Mainly trying to accept who I am and learn that I’m good enough. ADHD is a terrible name for our neurodiversity. Attention deficit/hyperactivity disorder is simply not accurate. We have loads of attention for the things and people we love. We aren’t always outwardly hyperactive (but are in our heads!) and I don’t consider my life to be a ‘disorder’. How awful is that?
How do you overcome the stereotypes people associate with ADHD?
The ‘bossy’, ‘talkative’, ‘overly emotional’ and ‘loud’ labels are lifelong. ADHD for females presents differently. We aren’t six-year-old boys constantly charging around a room. Having a diagnosis helps awareness of the ADHD traits and how they manifest in my character and my medication has been life changing.
Self-acceptance is the key, but I suspect this will be a lifelong battle. I lose everything I touch, I’m very forgetful and often just can’t concentrate for more than a few seconds, but I deal with it as I’ve always done. ADHDers are wonderful, innovative, exciting and empathetic people. Life would be pretty dull without us!
How do you cope with your ADHD on a daily basis?
It’s all I’ve ever known. I got to 45 without knowing, so I’ve developed many strategies. Having a network of non-judgmental people is essential. Managing my time and energy is key. Remembering to always leave my house keys in the door or having very specific places to put things is essential too.
How do you feel about ADHD being misdiagnosed in women?
I worry that so many females have been misdiagnosed with depression or other mental health issues because people really don’t know what ADHD is and how it affects females. Also, there is a very high chance that there will be another comorbid diagnosis for an ADHDer – autism, dyslexia, dyscalculia and dyspraxia (now known as DCD), so it can be a far more complex situation. I’ve only just had confirmation of my own DCD, so I’m now trying to work out how to develop better strategies for dealing with it.
What made you want to set up your social enterprise, Celebrate Difference?
To help others like me celebrate our differences, to provide a safe space for ADHDers to be part of, and to help ADHDers be at their best. Plus, to continue the journey of support that I’ve always offered other freelancers and business owners via MINT Business Club.
Tell us everything about your Facebook community.
We have a private Facebook group for ADHDers, which is a safe space to talk and ask questions. This is vital to our mental wellbeing. We also support people with their Access to Work applications and have just launched a funded employability programme to work with 20 ADHDers who live in north-west County Durham.
In what ways are you hoping to raise the profile of ADHD?
To continuously push the correct narrative that we are brilliant and energetic and have so many superb skills and qualities. We deserve to work and to be accepted for our skills and strengths, rather than the deficit-based narrative that’s so often quoted. We are human, not a list of everything we can’t do or aren’t good at. They’re labels that others have given us.
We really want to hammer home that language matters.
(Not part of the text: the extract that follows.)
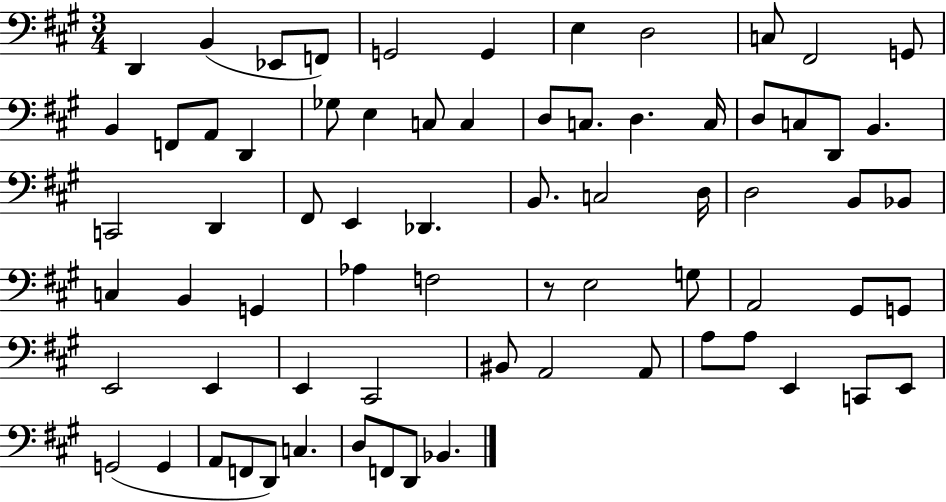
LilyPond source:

Every time a negative label is applied to us, we believe it and chew on it, and it’s very destructive and harmful. When I was nine years old, I remember it was the first time I was called ‘bossy’. It hurt me and has followed me around ever since.
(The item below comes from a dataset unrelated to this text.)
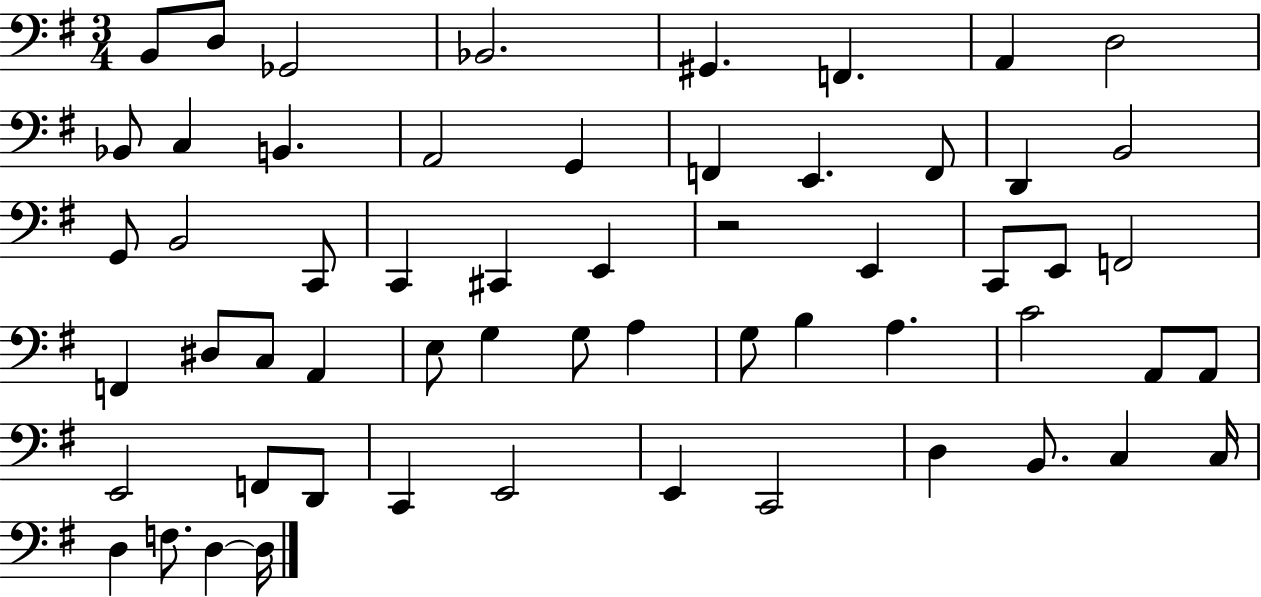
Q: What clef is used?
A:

What advice would you give anyone who thinks they may have ADHD or are currently struggling with their condition?
Visit the Adhdfoundation.org.uk and do the online self-assessments; they’re really helpful. They’re the largest charity in Europe dedicated to ADHD. Also, definitely seek out positive ADHD groups and read and learn.
If you have always felt that you don’t fit in, don’t quite understand what happens in your life on a daily basis, struggle at work or in relationships and take risks or have financial difficulties, these are some indicators of ADHD.